I have often used him as a sounding- board for ideas and arguments, and I asked his thoughts on the Non-Aligned Movement (NAM).

He was astounded to hear that vast amounts of money – at least R60- million at last count – were being spent to enable heads of state from many of NAM’s 113 member countries to meet in Durban between Saturday (August 29) and Thursday (September 3).

“You mean to say,” he exclaimed, “the Non-Aligned Movement still exists? Haven’t they heard the Berlin Wall came down 10 years ago?”

Well, apparently not – if non- alignment as a political principle ever was the major reason for the organisation’s existence.

Some suspect it never was. In their eyes, member states’ high-minded assertion of “positive neutrality” between the United States and its Cold War rival, the former Soviet Union, became perhaps more typically an attempt to play West off against East in a scramble for aid and favours.
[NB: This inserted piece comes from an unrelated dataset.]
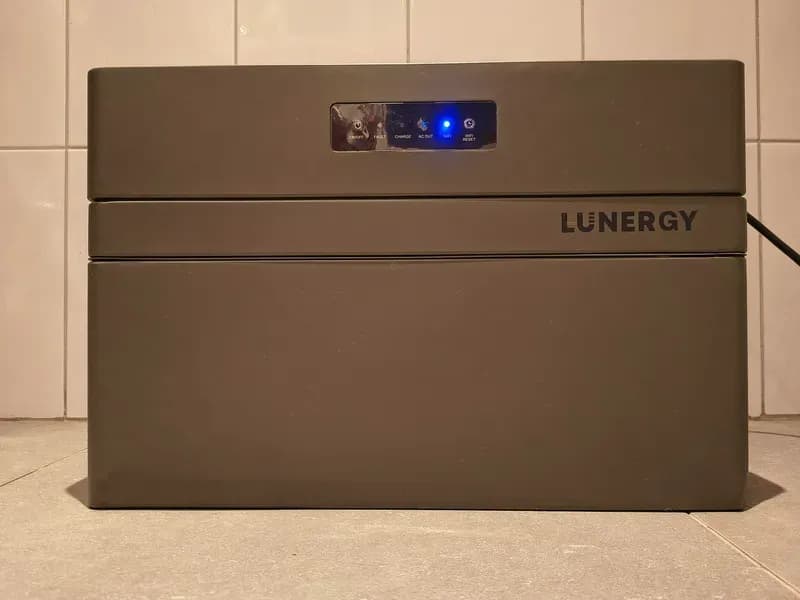 Lunergy Hub 2400 AC voorkant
The great thaw might have occurred 10 years ago, but members of NAM remain where most of them were long before that: still out in the cold, relatively poor and feeling aggrieved about it.

In this view, NAM summits, including the forthcoming one, are merely jamborees for many of the world’s most accomplished con-men, rogues, whingers and scroungers.

One vacuous resolution will be piled upon another bemoaning the poorer countries’ marginalisation. And NAM’s proceedings will not make one blind bit of difference within those international institutions that do actually have consequences – the International Monetary Fund, the North Atlantic Treaty Organisation, the Security Council, the World Bank, the World Trade Organisation, and the like.

That is why many serious observers of international affairs, such as my former colleague, have been paying NAM summits no attention for the past 10 years. It is why others have been doing the same for much longer. NAM is off-radar for many.

It is also why NAM needs South Africa. Deputy President Thabo Mbeki can give it an intelligence, and perhaps the new vision, it sorely needs. President Nelson Mandela can lend it the gravitas and dignity it has lacked since, perhaps, the days of Jawalal Nehru, the Indian leader who was one of its founding fathers back in 1961.

It was then, in 1961, that leaders of about 35 countries and territories from Africa, Asia and along the Mediterranean coastline met in Belgrade, the Yugoslav capital, to define for themselves their own particular place in the world.

They were, in the main, weak young states emerging from colonisation, presided over by inexperienced, intellectual and bureaucratic elites, and targets for the blandishments and threats of the major powers.

They declared their hope that NAM could offer them a collective voice to help defend their individual identities and to advance their case for a new international economic order. They raised their standard: self- determination.

In subsequent years, the principle of self-determination, which depended on non- interference in each other’s affairs and peaceful co-existence, was dreadfully abused. It became a smokescreen behind which some leaders of NAM member states systematically oppressed, dispossessed and massacred their own populations – often with the implied support of one or other of the major powers.

In recent years, the betrayal of NAM’s founding principles has been perhaps most marked in the cases of the three countries most involved in its formation: India, Indonesia and Yugoslavia.

India now has a Hindu chauvinist government with nuclear weapons aimed at Pakistan, its neighbour and fellow NAM member. Indonesia, under Suharto, became a brutal dictatorship which extended the benefits of a colonial administration to the less-than- grateful people of East Timor. And Yugoslavia has been ripped apart in an orgy of ethnic and religious bloodletting.

NAM’s agenda this time round in Durban includes disarmament, economic and social development, and reform of the United Nations – all issues that demand a ritual ra-ra, but none of which focuses on the supreme challenge before the poorer and smaller states in the world.

It is this: these states, their people and their leaders must take responsibility for where they are now, for the condition they are in, and how they plan to move forward. We are all big boys and girls now. Blame is a child’s game.

This entails, among other things, acknowledging unequivocally ties of accountability within and between countries. Not only do the people of a country need to be able to hold their governments accountable; neighbouring states need to be able to hold each other accountable for gross maltreatment of their own citizens.

NAM – like the Organisation of African Unity – loses all credibility if it wails against, say, perceived injustices in the international economic order while keeping silent about blatant iniquities within the borders of member states.

These are issues both Mbeki and Mandela have raised in the past. It is vital that they be given real force over the next week. Otherwise, NAM will continue to demand no serious attention at all. And the only deserving people to benefit from its summit in Durban will be those who did at my first NAM summit in Harare 12 years ago: the women, girls and boys who work as prostitutes.